How next_state_in works

1. Severity of the issue: (select one)
None: I’m just curious or want clarification.
Low: Annoying but doesn’t hinder my work.
Medium: Significantly affects my productivity but can find a workaround.
High: Completely blocks me.

2. Environment:

  • Ray version: 2.43.0
  • Python version: 3.11.7
  • OS: MacOs 15.2
  • Cloud/Infrastructure:
  • Other libs/tools (if relevant):

3. What happened vs. what you expected:

  • Expected: Similarity between the next_state_in in the batch of forward vs the next_state_in set at the output of forward
  • Actual: There doesn’t seem to be any correlation between the two next_state_ins.

Can someone give confirmation on how next_state_in works? There is no documentation around it. I am currently using it in my code like this. After setting Columns.NEXT_STATE_IN in the output of the forward function, does it become available in Columns.NEXT_STATE_IN of the batch in the forward of next time step?
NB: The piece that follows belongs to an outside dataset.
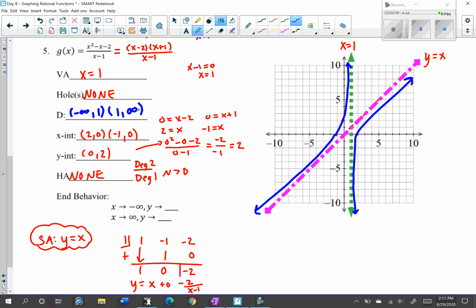End behavior follows the slant asymptote y equals x. The degree is odd with a positive leading coefficient — odd positive means the left end goes down and the right end goes up. As x approaches negative infinity, y approaches negative infinity; as x approaches positive infinity, y approaches positive infinity. Don't confuse the vertical asymptote behavior with end behavior — the vertical asymptote shows what happens as x approaches 1, not the ends of the graph. That's it for slant asymptotes.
def _forward_intermediate(self, batch):
    initialHidden = None
    if "next_state_in" in batch:
        initialHidden = batch["next_state_in"].unsqueeze(0)
    .
    .
    .
@override(TorchRLModule)
def _forward(self, batch, **kwargs):
    currentStateFeatures, initialStateFeatures = self._forward_intermediate(batch)
    policy = self.policy_branch(currentStateFeatures)
    return {
        Columns.ACTION_DIST_INPUTS: policy,
        Columns.NEXT_STATE_IN: initialStateFeatures,
    }

I tried debugging the two NEXT_STATE_INs by printing them, but the values are never the same.